MAPLEWOOD, NJ — Four Maplewood girls took part of the National Ninja League World Championships recently in Greensboro, NC. Corinne Kosienski, sisters Tessa and Hannah Grella, and Talia Gewirtz competed with 16 other young people as part of Team Center Court from sports facility Center Court in Chatham. Gewirtz did the best on the team, placing fourth all around in the Pre Teen Division.
Center Court’s travel team Ninjas compete in obstacle courses such as those seen on the television show American Ninja Warriors; the girls were part of a team of 20 among some 2,000 athletes of all ages who competed Feb. 21-23. The team coaches are Brayden Provan and professional Ninjas Joe Capo and Abby Clark.
Talia couldn’t have predicted a fourth place finish a year and a half ago. “I wanted to be a gymnast and I went to open gym” at Center Court. She was told she’d have to start as a beginner in gymnastics, but when one of the Ninja coaches saw what she could do, they suggested the Ninja travel team would fit well with her athleticism. Having seen the tv show, The 12 year old said, “I was really excited. I wanted to start that week — which I did.”

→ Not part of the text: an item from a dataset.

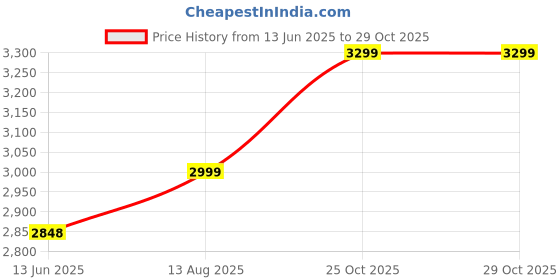 amazon.in hyatt leather accessories Full Grain Natural Leather Laptop MacBook Air Pro Briefcase Messenger Shoulder Bags For Men And Women Office Use Branded & Stylish hyatt leather accessories Price History Graph from 13 Jun 2025 to 28 Oct 2025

The South Orange Middle School student was proud of her finish at “National,” as all the girls called the competition. “My goal was to be in the stage one last wave, and I was, with Hannah. I ended up getting fourth place over all,” which was out of 123 girls there; 201 boys also competed in the Pre Teen Division. The event was live streamed on YouTube.
Hannah Grella, 11, said “My favorite part of this weekend was finishing stage two… I didn’t think I could do it,” but she toughed it out. The last obstacle of stage two was hanging on a rope upside down, then using her feet to push a sheet of Plexiglas to get to the finish line. When she accomplished the obstacle, she said, “I was like ‘oh my God’ and I ran over and smacked. That. Buzzer!” The Winston School student got to stage three, came in first in stage two, and first in the Climb the Ladder Skill.
This was Corinne’s first National although she had watched it before “through a live stream. It was bigger than I thought. It was very exciting.” She started in the sport at the Ninja summer camp at Center Court. She is 12, and attends Maplewood Middle School. She said her favorite obstacle is “laches, which is swinging from bar to bar.” She feels the hardest one is “the cliffhanger.”
Tessa Grella, age 10, has been on the travel team for one and a half years; she is in the mature kids division of the competition. When she’s competing, she said, “I’m very nervous at first, but then it’s really fun.” She is a student at Oak Knoll. What advice would Tessa give other girls who want to try the sport? “You can do it if you practice.”
And the practice is not a cake walk. Five hours a week, the girls warm up running, doing burpees, hanging for five minutes, and jumping rope. The main part of practice is doing the circuits of the obstacle course. “People can get really tired,” said Hannah.
Hannah said she loves the practices even if they are strenuous and sometimes she “can’t hardly move after.” The practices paid off: each competitor must qualify individually to get to compete at the national level. She said for her and her teammates, “It was the best experience of our lives.”